Judge Finds Injury Occurs as Soon as Asbestos Is Inhaled
An Allegheny County trial judge has ruled in a case of first impression that, for insurance coverage purposes, an injury occurs on the date of a plaintiff's first exposure to asbestos, despite recent scientific evidence suggesting diseases almost never commence upon the initial inhalation of asbestos fibers.
In North River Insurance v. Mine Safety Appliances, Allegheny County Court of Common Pleas Judge R. Stanton Wettick Jr. granted defendant Mine Safety Appliances' motion for summary judgment, finding that plaintiff North River Insurance is obligated to cover MSA under any policies in effect during the period extending from the date of a claimant's first contact with asbestos to the date a claimant's mesothelioma or asbestos-related cancer first manifested.
Wettick sided with the Pennsylvania Supreme Court's 1993 decision in J.H. France Refractories v. Allstate Insurance, which instituted a "multitrigger approach" in which insurance coverage begins on the date of exposure and ends on the date of manifestation, despite North River's contention that science no longer supports the theory that the progression of cancer begins with the initial exposure.
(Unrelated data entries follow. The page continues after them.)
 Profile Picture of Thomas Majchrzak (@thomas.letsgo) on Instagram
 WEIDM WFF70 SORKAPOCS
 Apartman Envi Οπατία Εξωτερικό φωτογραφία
The J.H. France decision relied on the scientific opinion that asbestos-related disease commences with the first inhalation of fibers.
Wettick said no Pennsylvania court has considered a challenge to the J.H. France ruling based on changing views in the scientific community.
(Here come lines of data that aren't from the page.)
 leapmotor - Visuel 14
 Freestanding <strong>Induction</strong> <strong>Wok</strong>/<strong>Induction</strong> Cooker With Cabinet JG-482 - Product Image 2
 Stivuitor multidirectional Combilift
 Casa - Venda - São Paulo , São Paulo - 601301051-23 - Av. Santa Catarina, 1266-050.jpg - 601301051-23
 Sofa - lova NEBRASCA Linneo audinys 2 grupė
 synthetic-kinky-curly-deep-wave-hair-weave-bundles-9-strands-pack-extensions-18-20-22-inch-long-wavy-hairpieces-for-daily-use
In following J.H. France, Wettick said insurers owe a duty of coverage to insureds for their liability under tort law, even if a court's finding of liability conflicts with scientific opinion.
Wettick said J.H. France's finding that coverage begins with the initial exposure to asbestos, rather than with the exposure that actually began the progression of cancer at some later date, minimizes the risk that an insured will be liable for claims that don't fall within a coverage period.
"There may be other approaches that achieve the same result," Wettick said. "However, the bottom line is that the reasonable expectations of the insured should be protected through an interpretation of insurance coverage that parallels the insured's liability, and J.H. France provides such protection."
According to Wettick, MSA has been sued numerous times throughout the country since the 1980s by plaintiffs alleging they developed mesothelioma or asbestos-related lung cancer from exposure to MSA products.
At issue in North River are three policies covering the periods from April 1, 1980, to April 1, 1981; April 1, 1981, to April 1, 1982; and April 1, 1982, to April 1, 1983, according to Wettick.